EXERCISE AIM:
Set down each line of the data exactly, but not the pictures.

SUPPLIED INFORMATION:
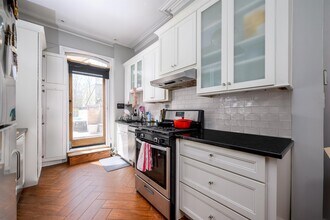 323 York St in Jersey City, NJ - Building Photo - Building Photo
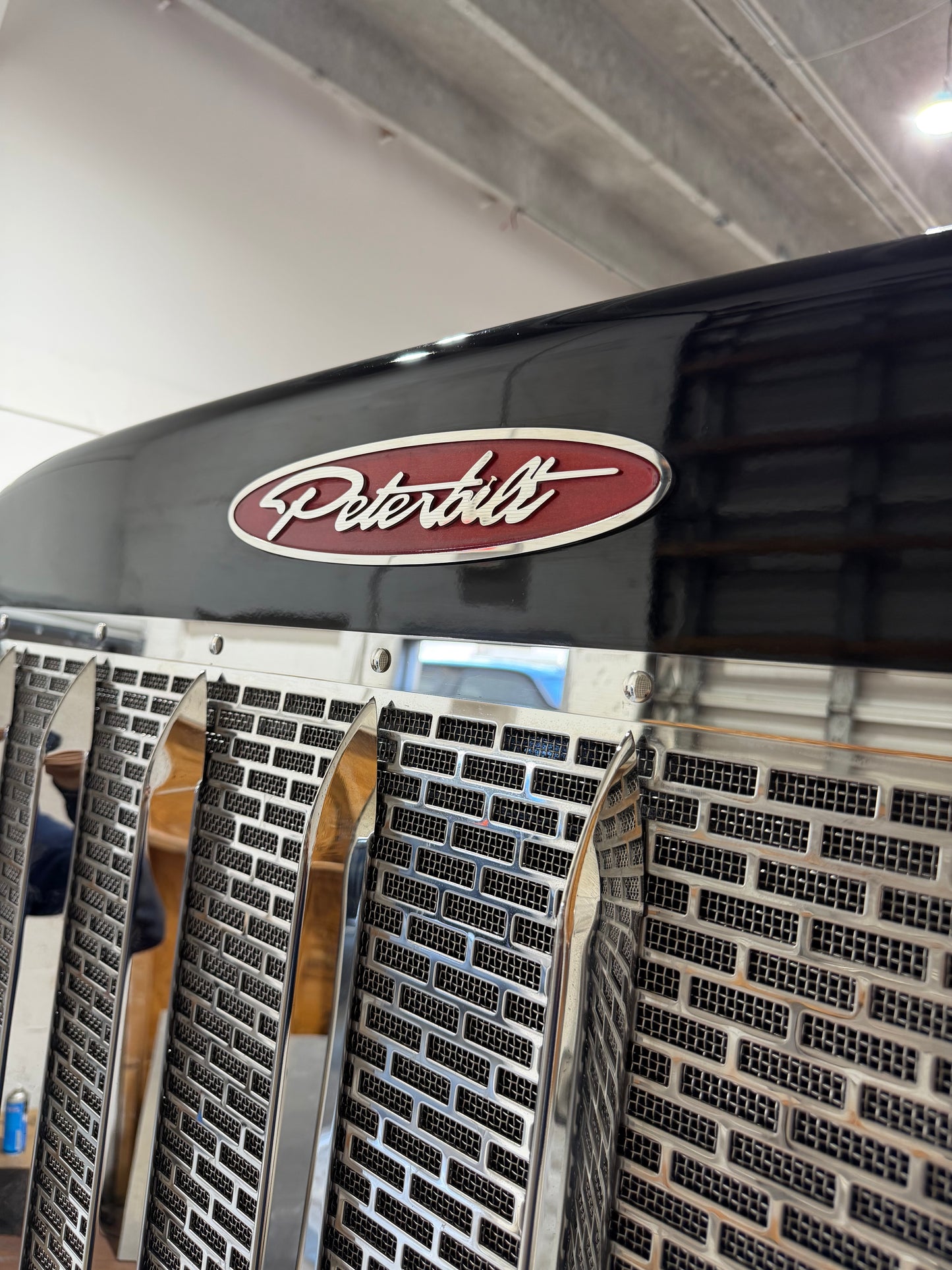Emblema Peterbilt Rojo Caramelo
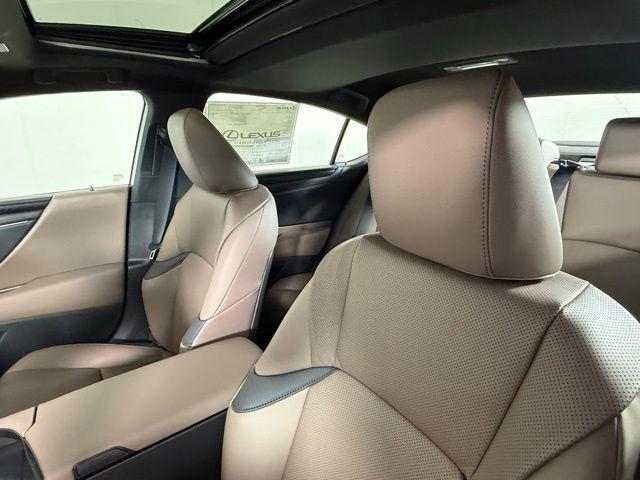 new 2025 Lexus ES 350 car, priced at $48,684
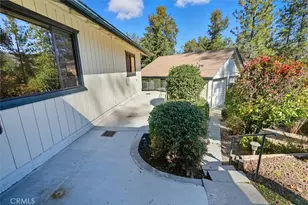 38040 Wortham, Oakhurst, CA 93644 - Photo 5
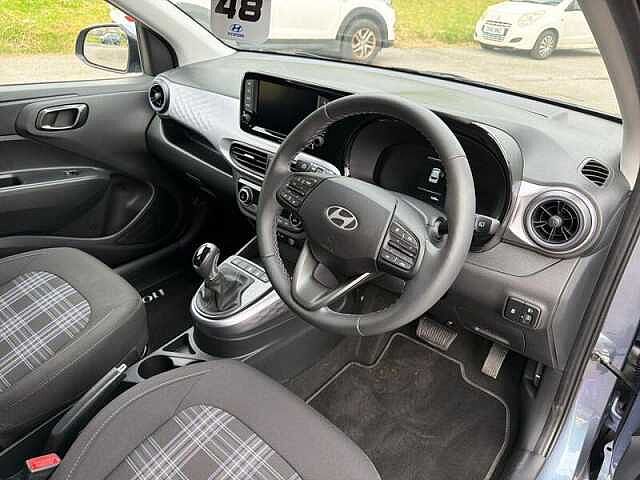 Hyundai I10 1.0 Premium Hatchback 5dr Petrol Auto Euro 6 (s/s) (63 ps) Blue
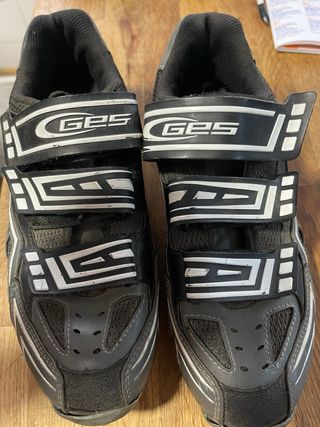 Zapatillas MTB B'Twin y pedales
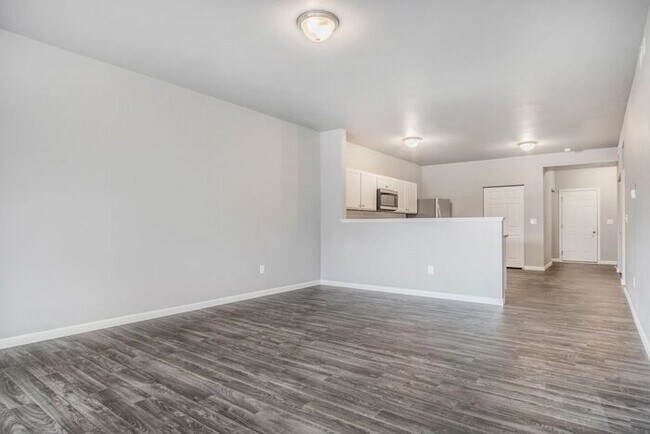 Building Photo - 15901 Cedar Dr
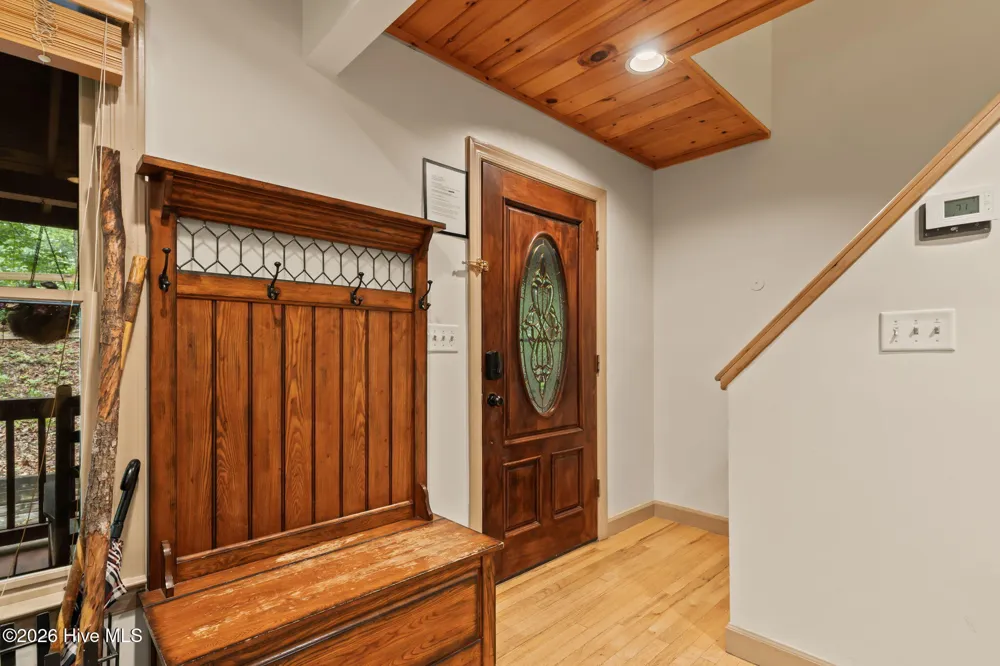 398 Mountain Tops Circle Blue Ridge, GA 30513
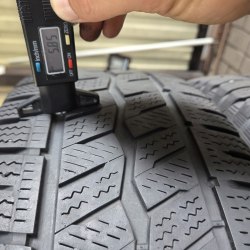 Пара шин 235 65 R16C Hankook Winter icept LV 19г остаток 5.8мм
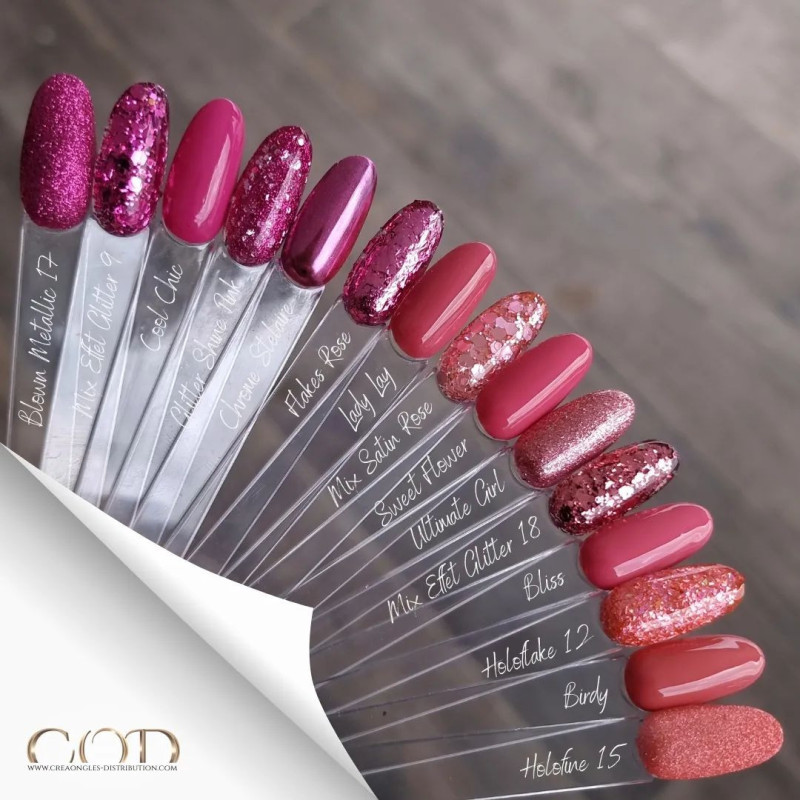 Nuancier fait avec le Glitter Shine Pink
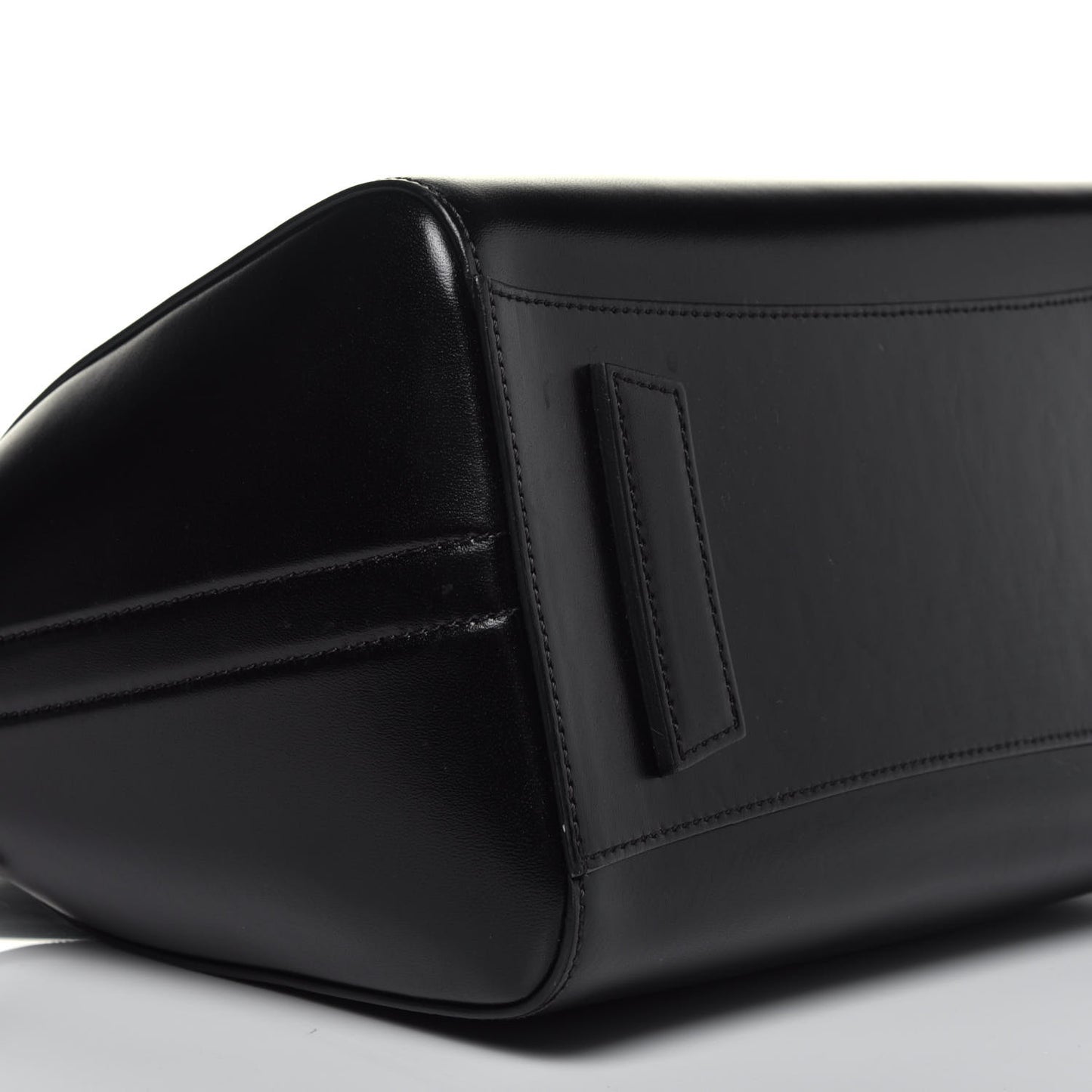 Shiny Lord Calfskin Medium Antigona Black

ANSWER TO THIS PROBLEM:
 323 York St in Jersey City, NJ - Building Photo - Building Photo
Emblema Peterbilt Rojo Caramelo
 new 2025 Lexus ES 350 car, priced at $48,684
 38040 Wortham, Oakhurst, CA 93644 - Photo 5
 Hyundai I10 1.0 Premium Hatchback 5dr Petrol Auto Euro 6 (s/s) (63 ps) Blue
 Zapatillas MTB B'Twin y pedales
 Building Photo - 15901 Cedar Dr
 398 Mountain Tops Circle Blue Ridge, GA 30513
 Пара шин 235 65 R16C Hankook Winter icept LV 19г остаток 5.8мм
 Nuancier fait avec le Glitter Shine Pink
 Shiny Lord Calfskin Medium Antigona Black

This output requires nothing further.